His blackest days in the second tier had been 5-0 and 5-1 defeats at Cardiff City and Queens Park Rangers respectively.
However, maybe his lowest point of all in the last 24 months came at another seaside location just down the road from Fleetwood, Blackpool.
On December 9, after seven league matches without a win, on one of the coldest afternoons of the year, his team froze in the first half against the Tangerines.
“Bristol Rovers away the week before hadn't been amazing,” the manager says. “We were done 2-1 after leading. I lost Pottsy (Darren Potter) injured and Kieffer (Moore) got himself sent off and suspended.
“One of the darkest moments was when that lad (Kelvin Mellor) scored that 30-yarder before the break at Blackpool.
“I was thinking that we needed to win that game after the Bristol defeat. Obviously, people's belief in our group was dwindling.

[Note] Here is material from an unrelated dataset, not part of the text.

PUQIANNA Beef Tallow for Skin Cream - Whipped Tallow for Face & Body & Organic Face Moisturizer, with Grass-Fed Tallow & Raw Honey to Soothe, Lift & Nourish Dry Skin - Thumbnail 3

“I remember thinking we were doing all right in the game, not great. Then the ball fell to him. I was thinking: 'If he hits this, it's going in and that sums up our luck.'
“He might hit them like that every week but, with all due respect, I don't think he does. I'm thinking: 'What have I done to the soccer gods?'”
Jonson Clarke-Harris had been handed the start he'd been craving for weeks. With the Millers 1-0 behind, the striker was hooked at the interval after an anonymous showing while centre-half Michael Ihiekwe was also sacrificed in a change of formation.
“I remember half-time pretty well,” Warne says. “We (the management) stood in the tunnel, as we always do, and agreed what we were going to say to the players.
“We said to them that we needed changes. It didn't feel like last-chance saloon but it did feel like we needed to shake the team up.
“We brought on Fordey (Anthony Forde) and Jerry (Yates) and had to bring two off. We had to bring off a defender and Jonno. One player, and I can't say who, took it a lot worse than the other. But it just felt like it was right for the team.
“We weren't screaming in their faces or anything. It was pretty calm. I needed to be calm because there was an incident in the changing room that, if I hadn't been calm, could have gone off to mesmeric levels.
“We asked them, as we always do, to play to their best and said we'd be there afterwards to shake their hands if they did that. We told them to get the ball wide and asked the front two to work their socks off.
“I had to throw a deaf one at something going off. I had to stay focused and not go on the negative of one player being upset. Bally got us out of it really.”
'Bally' was David Ball. The forward's two goals won Rotherham the match and Warne and his men never looked back.
Clarke-Harris was gone in January, promotion was sealed in a Wembley play-off final in May.
Warne, a Millers legend from his playing days, had fretted in the early days as Championship defeat followed Championship defeat that he would lose his relationship with the crowd.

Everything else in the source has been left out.